There are certain bands that manage to simultaneously transcend the genre labels that critics try to fit them in while also ultimately being the bands that finally define that niche. Think about Arcade Fire for a second. Nominally, we might call them baroque pop, but eight years removed from Funeral
, "Arcade Fire" has virtually become its own subgenre of music for exuberant, communal displays of baroque pop pleasure. Sigur Ros are labeled as post-rock (a vague and ultimately meaningless bit of nomenclature if there ever was one), but today, they've become the shorthand for achingly beautiful and bombastic waves of almost heavenly sound. We could play this game all day. The point is that there are certain artists who are simply too ambitious and talented to be pigeonholed into any one niche, and they deserve a more substantive conversation about their music. It may be easy to call Bloom
from Baltimore duo Beach House "dream pop," but to do so would belittle the strikingly gorgeous and intricate album they've created.
It's impossible to discuss Bloom
outside of the larger library of Beach House music because, if anything, this album will likely come to signify the culmination of everything they had tried to achieve on their previous records. Starting with their self-titled in 2006, followed by Devotion
in 2008, and their major breakthrough Teen Dream
in 2010, Beach House has always seemed like a band that was working towards something specific. Their debut was an almost fully realized creation without any of the self-doubt and second-guessing that plagued so many other bands' debuts, and they've only grown more confident and self-assured since then. When Teen Dream
became one of the major success stories of 2010, no one who had followed their career was surprised because the work ethic and vision of Victoria Legrand and Alex Scally had already become the stuff of whispered legend. So, perhaps the most surprising element of Bloom
is the way that it not only clears the bar set by Teen Dream
but it also perfectly sticks the landing on the other side.
From opener "Myth," Bloom
hits (insofar as Beach House can "hit") with more immediacy than anything that preceded it whose name wasn't "Norway."

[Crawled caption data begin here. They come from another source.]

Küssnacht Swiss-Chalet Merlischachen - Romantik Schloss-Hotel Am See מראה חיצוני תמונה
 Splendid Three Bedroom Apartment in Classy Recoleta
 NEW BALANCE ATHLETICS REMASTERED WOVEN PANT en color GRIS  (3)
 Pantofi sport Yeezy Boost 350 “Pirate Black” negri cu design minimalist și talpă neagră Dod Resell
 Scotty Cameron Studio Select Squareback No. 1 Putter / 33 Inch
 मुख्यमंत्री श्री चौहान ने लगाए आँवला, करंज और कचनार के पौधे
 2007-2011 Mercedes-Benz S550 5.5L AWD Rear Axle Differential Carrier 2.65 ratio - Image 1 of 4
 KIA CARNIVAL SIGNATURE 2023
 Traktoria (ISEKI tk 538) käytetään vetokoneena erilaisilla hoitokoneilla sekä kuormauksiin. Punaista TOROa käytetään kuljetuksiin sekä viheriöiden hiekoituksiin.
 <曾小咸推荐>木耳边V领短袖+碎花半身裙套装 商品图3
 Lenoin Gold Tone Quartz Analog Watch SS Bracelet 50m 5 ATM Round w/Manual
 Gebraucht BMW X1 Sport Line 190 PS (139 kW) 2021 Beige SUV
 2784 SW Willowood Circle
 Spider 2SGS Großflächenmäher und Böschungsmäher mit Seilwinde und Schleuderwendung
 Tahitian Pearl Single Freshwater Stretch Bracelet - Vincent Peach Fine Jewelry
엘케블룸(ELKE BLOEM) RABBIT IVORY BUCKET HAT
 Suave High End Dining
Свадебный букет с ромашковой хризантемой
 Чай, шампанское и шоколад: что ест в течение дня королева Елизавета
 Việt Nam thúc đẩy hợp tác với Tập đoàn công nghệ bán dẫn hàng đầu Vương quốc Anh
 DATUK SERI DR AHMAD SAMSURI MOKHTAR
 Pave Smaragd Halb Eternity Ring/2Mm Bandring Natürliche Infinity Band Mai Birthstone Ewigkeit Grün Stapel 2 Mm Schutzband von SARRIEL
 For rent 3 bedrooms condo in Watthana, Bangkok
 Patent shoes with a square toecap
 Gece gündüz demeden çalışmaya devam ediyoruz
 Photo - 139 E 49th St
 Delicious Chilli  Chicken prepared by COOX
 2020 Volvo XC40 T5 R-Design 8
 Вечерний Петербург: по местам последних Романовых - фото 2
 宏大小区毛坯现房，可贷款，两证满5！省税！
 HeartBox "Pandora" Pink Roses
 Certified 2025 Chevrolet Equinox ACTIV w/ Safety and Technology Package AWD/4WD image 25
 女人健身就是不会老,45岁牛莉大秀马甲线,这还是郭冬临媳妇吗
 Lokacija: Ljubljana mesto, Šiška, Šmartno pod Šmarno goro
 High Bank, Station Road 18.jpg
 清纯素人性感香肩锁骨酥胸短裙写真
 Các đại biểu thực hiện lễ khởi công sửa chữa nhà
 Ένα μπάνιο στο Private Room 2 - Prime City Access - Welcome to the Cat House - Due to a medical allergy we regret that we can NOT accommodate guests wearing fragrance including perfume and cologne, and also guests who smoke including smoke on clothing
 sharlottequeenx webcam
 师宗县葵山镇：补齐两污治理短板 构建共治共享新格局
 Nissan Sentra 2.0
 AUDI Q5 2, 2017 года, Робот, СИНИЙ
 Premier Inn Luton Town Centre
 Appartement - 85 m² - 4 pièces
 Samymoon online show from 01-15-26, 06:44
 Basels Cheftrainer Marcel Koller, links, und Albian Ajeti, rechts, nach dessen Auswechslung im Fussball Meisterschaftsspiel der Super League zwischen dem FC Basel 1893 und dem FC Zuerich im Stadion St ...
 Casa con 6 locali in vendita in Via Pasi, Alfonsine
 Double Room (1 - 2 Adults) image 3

The album seems grander and more ambitiously composed than before without managing to give up the stark beauty and ethereal wonder that has become Beach House's signature sound. Prepping for the release of Bloom
, I relistened to Teen Dream
several times, and where Teen Dream
left me with a sense of beautiful despair (think of the kind of emotional response that the Cure evokes), Bloom
honestly left me with the same kind of dream-like sense of pleasure that I got from Terrence Malick's Tree of Life
. Victoria Legrand and Alex Scally transport the listener on a deliberately constructed emotional ride from "Myth" to "Lazuli" to closer "Irene" that reveals itself slowly but surely over the course of Bloom
and it would almost ruin the magic of the album to give away the hidden secrets this album reveals.
Even for those who have been skeptic of Beach House in the past and found their music to be just a little too "chill" and wanly atmospheric (statements I would never make but have heard cynics use in the past), Bloom
has the potential to be the album to change your mind. The songwriting is more direct. The melodies are more memorable. Victoria Legrand's voice is somehow even more deeply spiritual. "Lazuli" has become one of my most-played twinkling pop songs of the year. There are few albums I've listened to this year that are so masterfully constructed and such an unabated pleasure to listen to. Don't let someone tell you that Bloom
is just more of the same from Beach House. This is a band that has found the purest possible form of their music (and potentially dream pop in general) and pushed themselves to new creative heights.